WHAT TO DO: Pictures stay out of the copy. Transcribe exactly the lines from the line with "(12 Pairs) Thin" through the final line of the records.

EXERCISE INPUT:
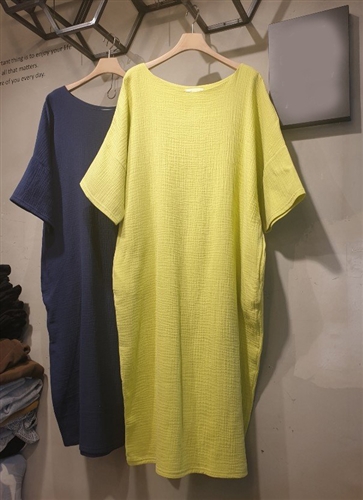 Emily Cotton 100 Dress (Yellow/Navy) (will ship within 1~2 weeks)
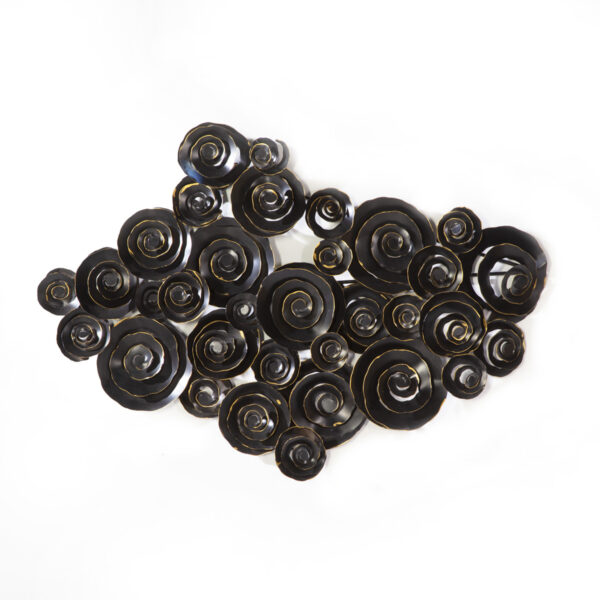 Escultura 114x7x81 Metal Negro/Dorado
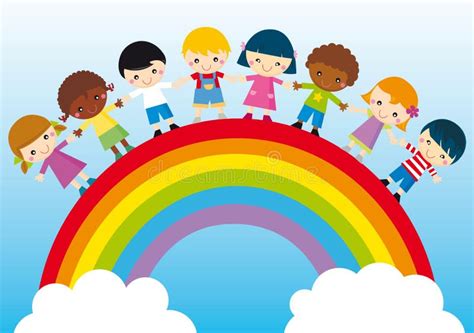 illustrazione di bambini felici con colori vivaci che indicano un percorso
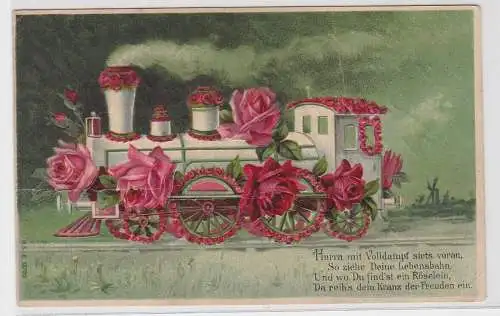 38202 Präge AK Glückwunsch Geburtstag Lok mit Blumen 1907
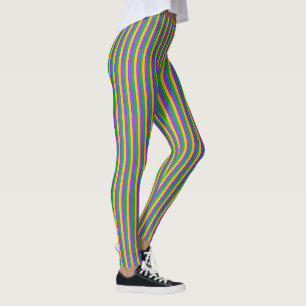 Mardi Gras Rand Mönster Lila Grönt Gult Leggings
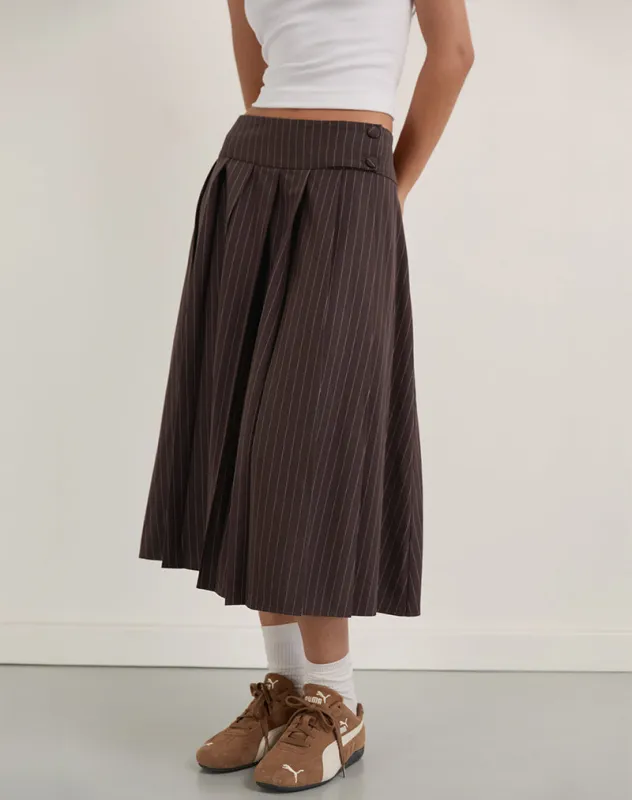 Tisrah Skirt in Dark Brown Pinstripe sold by Motel Rocks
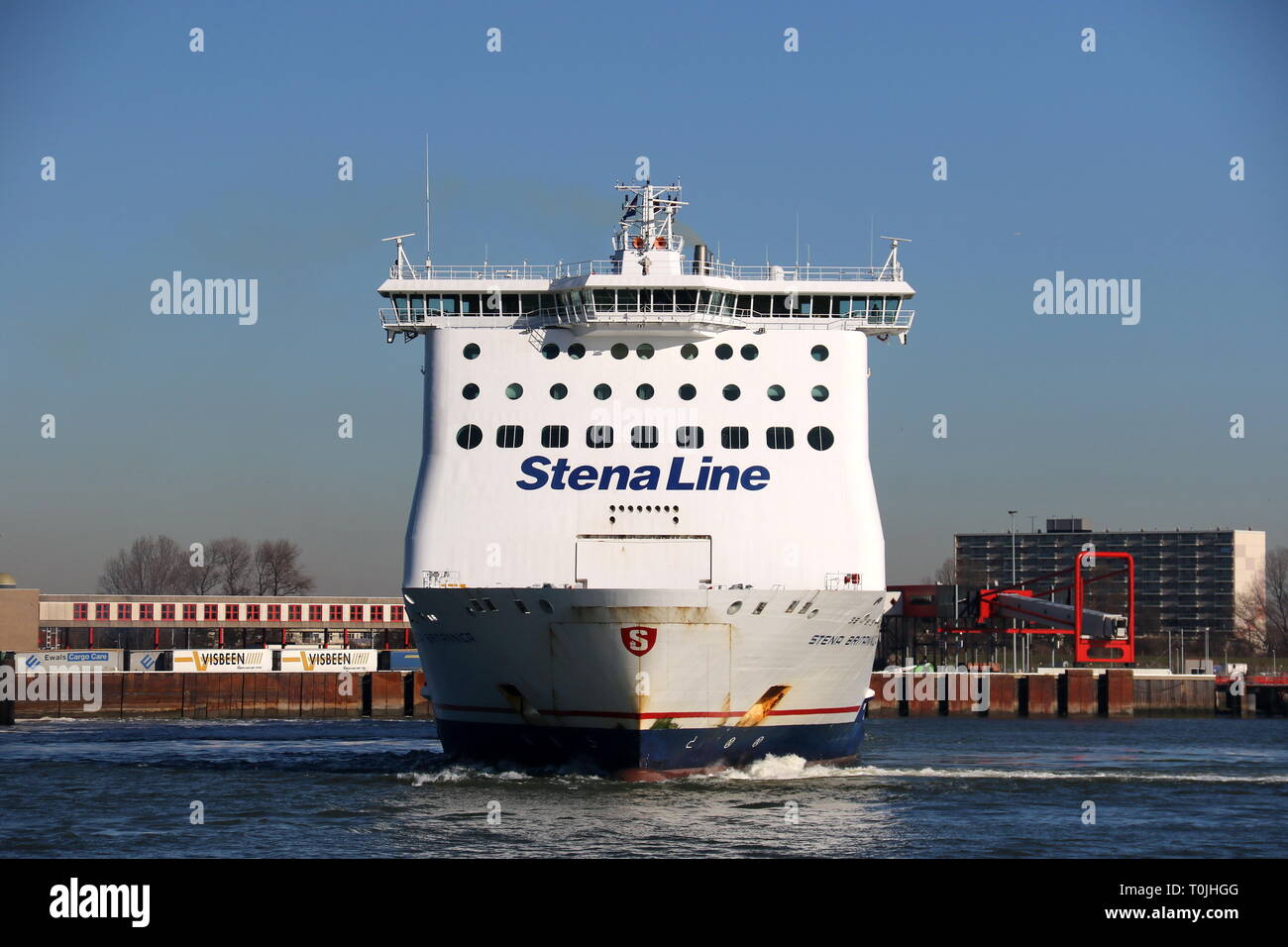 Die Fähre Stena Britannica verlässt den Hafen von Rotterdam am 15.02.2019. Stockfoto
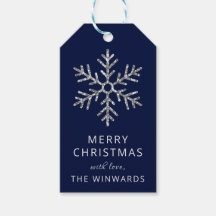 クリスマスブルーとシルバーのグリッタースノーフレーク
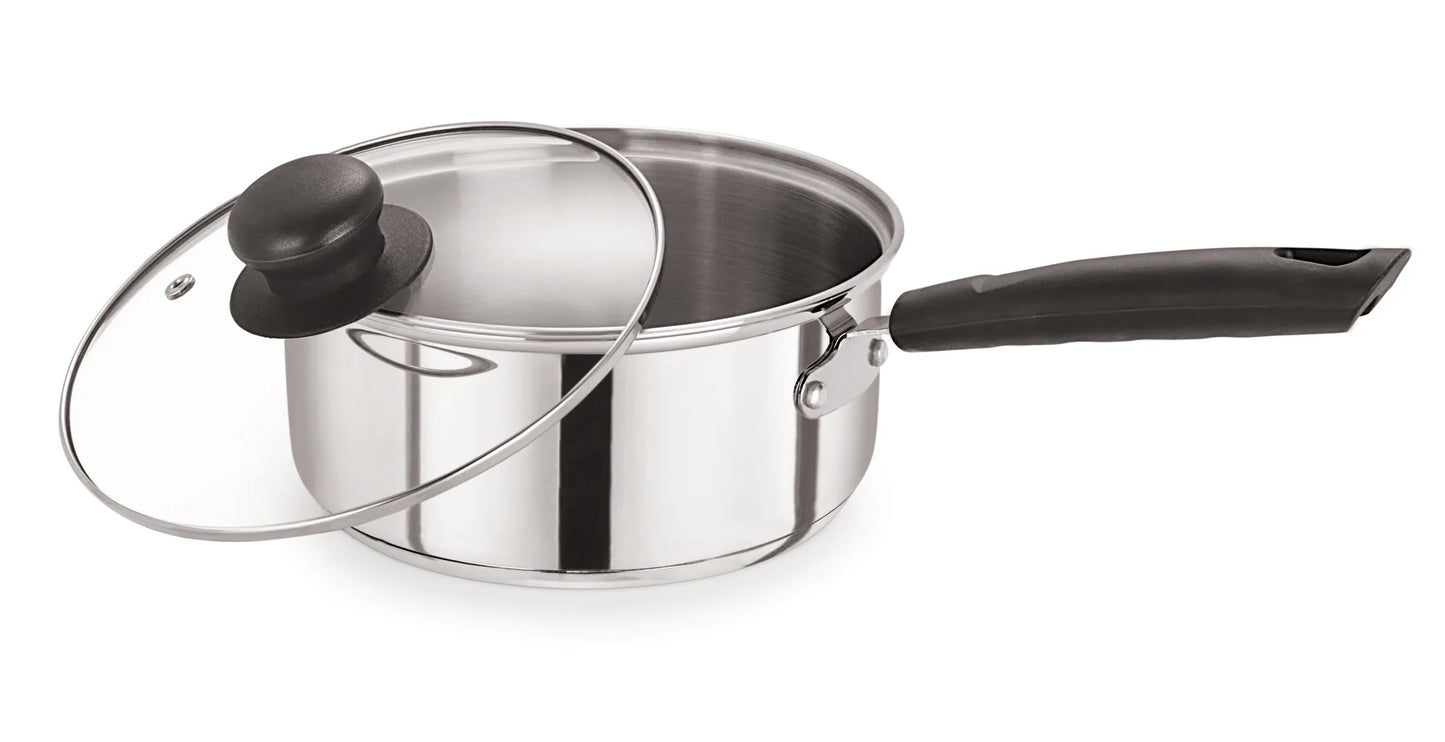 Stainless Steel Saucepan with Glass Lid 18cm/2L – Pack of 6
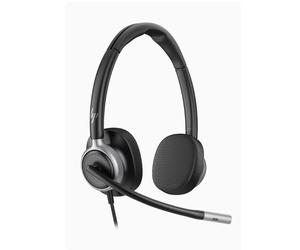 HP Poly Mission 625 USB-C Duo USB-C stereo headset (USB-A adapter included) with 2 AI noise-cancelling microphones, super wideband audio and faux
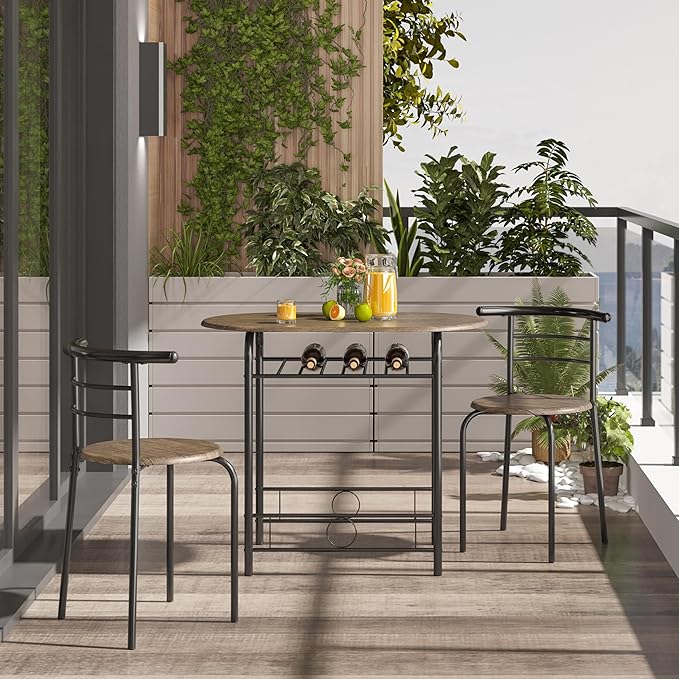 Yaheetech 3 Piece Dining Table Set, Kitchen Table & Chair Sets for 2, Compact Bistro Table Set with Steel Legs, Built-in Wine Rack for Small Space, Apartment, Breakfast Nook, Drift Brown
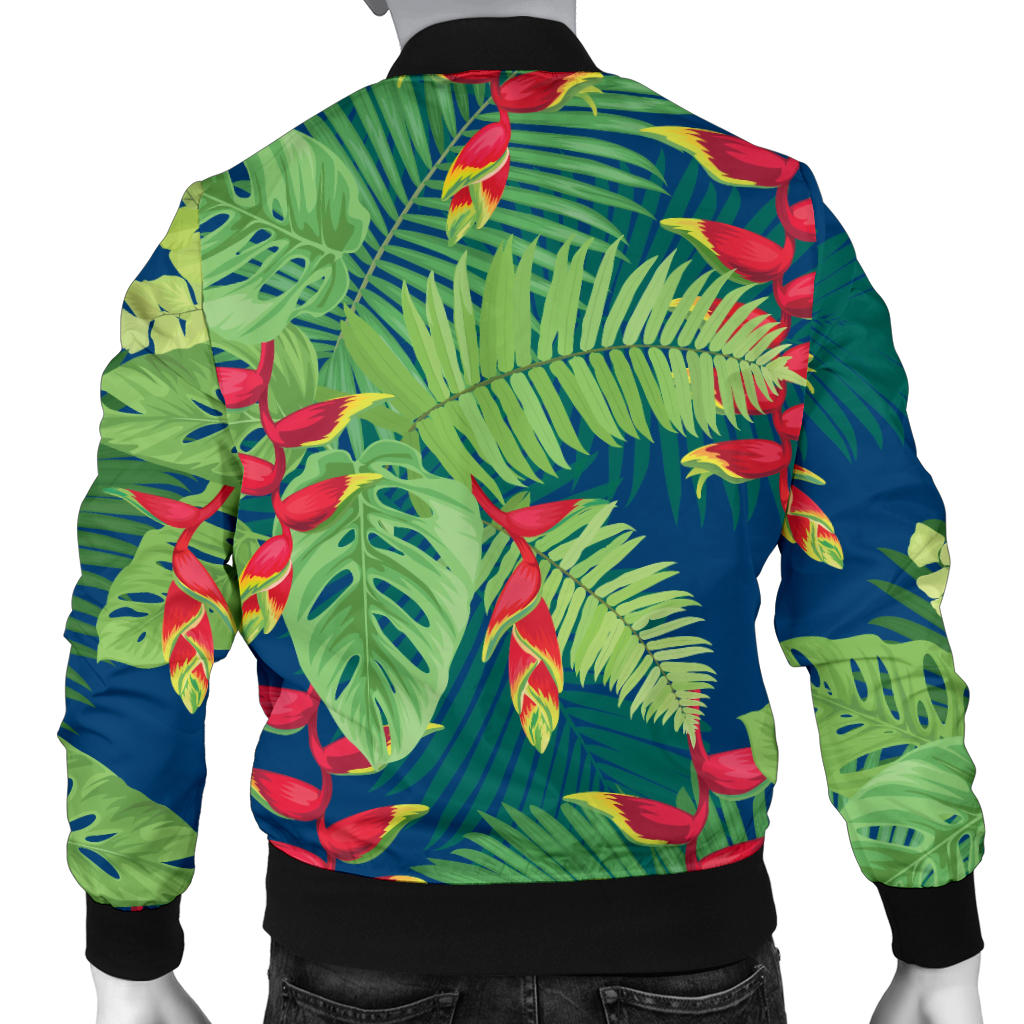 Heliconia Pattern Print Design HL08 Men Bomber Jacket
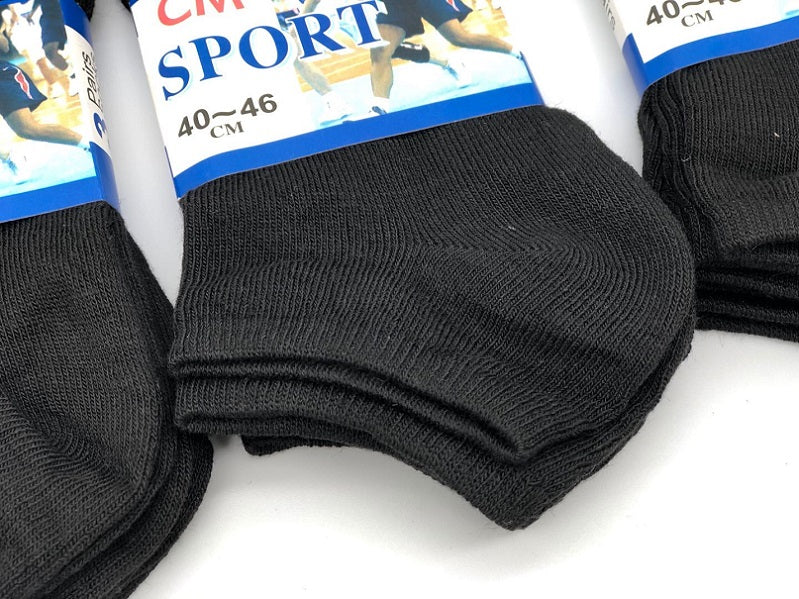 (12 Pairs) Thin Ankle Socks - BLACK - M7-11/ W8-12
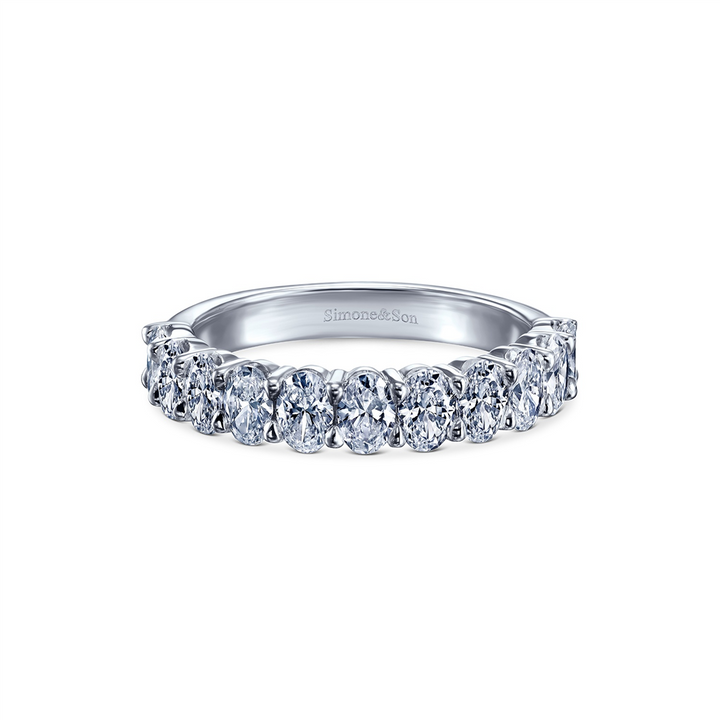 14K White Gold Oval LAB Diamond Almond Prong Wedding Band 1.54ctw.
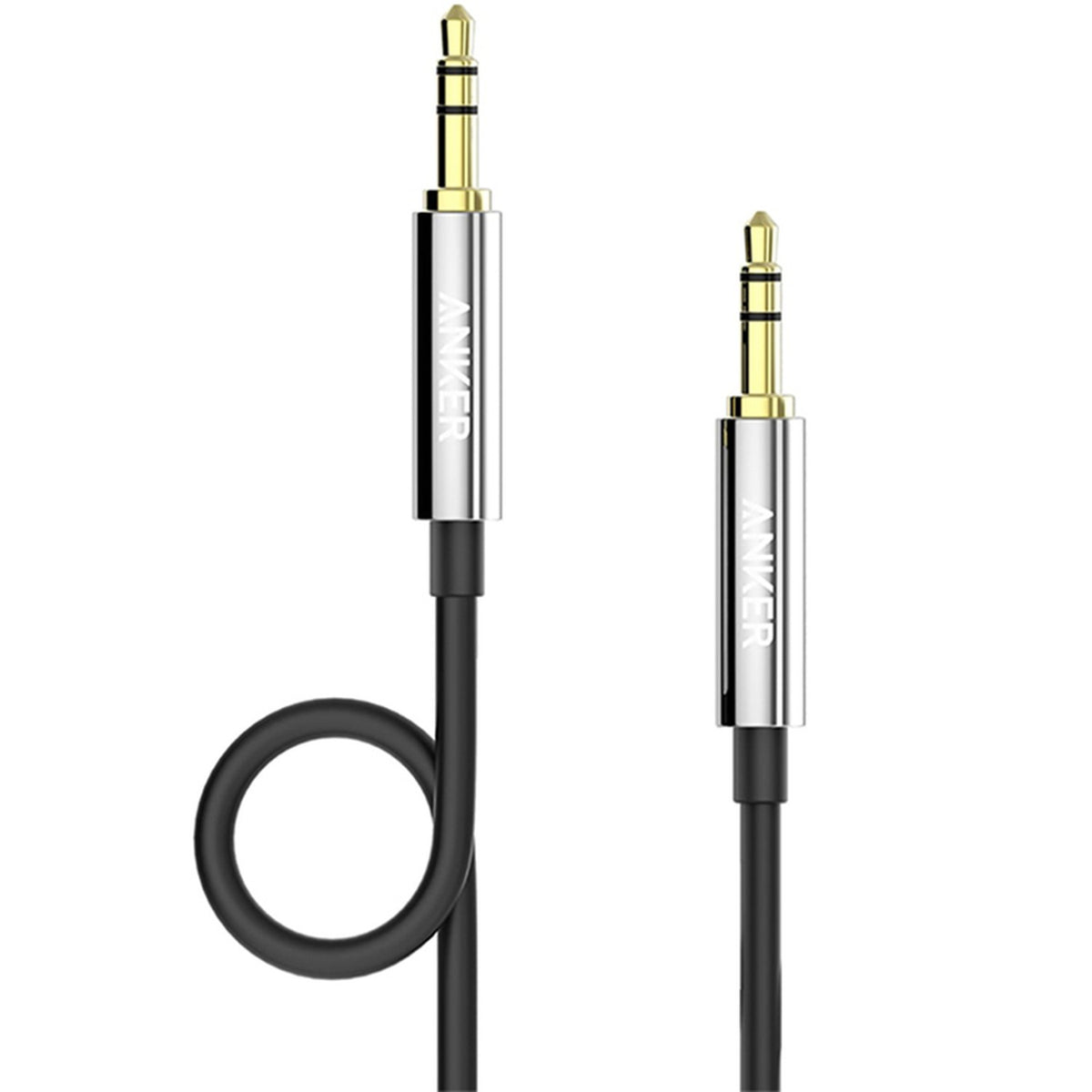 Anker 3.5mm Male to Male Aux Audio Cable, 4 ft (1.2 m), Black, for Phones and Tablets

ANSWER TO THE EXERCISE:
 (12 Pairs) Thin Ankle Socks - BLACK - M7-11/ W8-12
 14K White Gold Oval LAB Diamond Almond Prong Wedding Band 1.54ctw.
 Anker 3.5mm Male to Male Aux Audio Cable, 4 ft (1.2 m), Black, for Phones and Tablets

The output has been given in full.